* [YOUR GOAL] Only the lines from the line containing "公司主要技術(shù)人員一覽表" through the final line of the entries should be printed, exactly as given, with the pictures left out.

Dataset items:
········

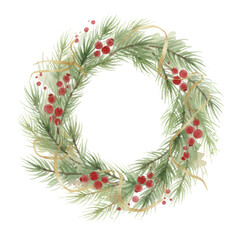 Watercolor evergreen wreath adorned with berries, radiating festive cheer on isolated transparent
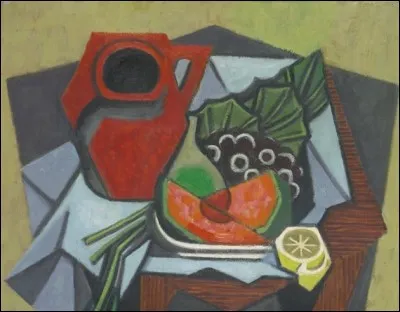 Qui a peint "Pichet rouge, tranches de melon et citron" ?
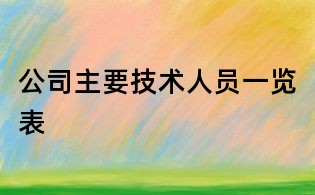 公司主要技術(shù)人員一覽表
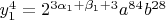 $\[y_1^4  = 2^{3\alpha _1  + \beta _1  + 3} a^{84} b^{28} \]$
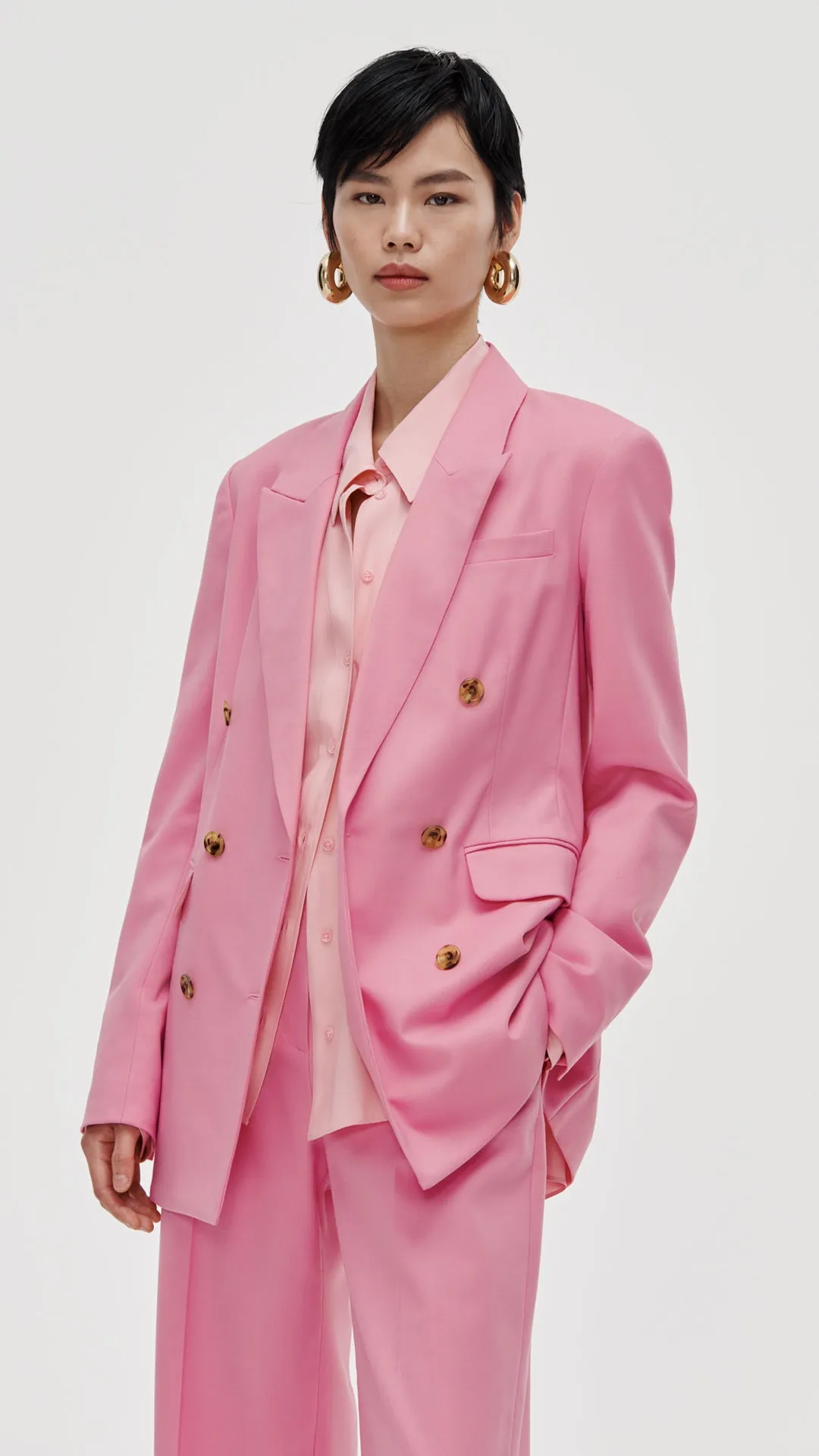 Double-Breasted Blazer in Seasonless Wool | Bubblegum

········

* [RESPONSE TO THE EXERCISE]
 公司主要技術(shù)人員一覽表
 $\[y_1^4  = 2^{3\alpha _1  + \beta _1  + 3} a^{84} b^{28} \]$
 Double-Breasted Blazer in Seasonless Wool | Bubblegum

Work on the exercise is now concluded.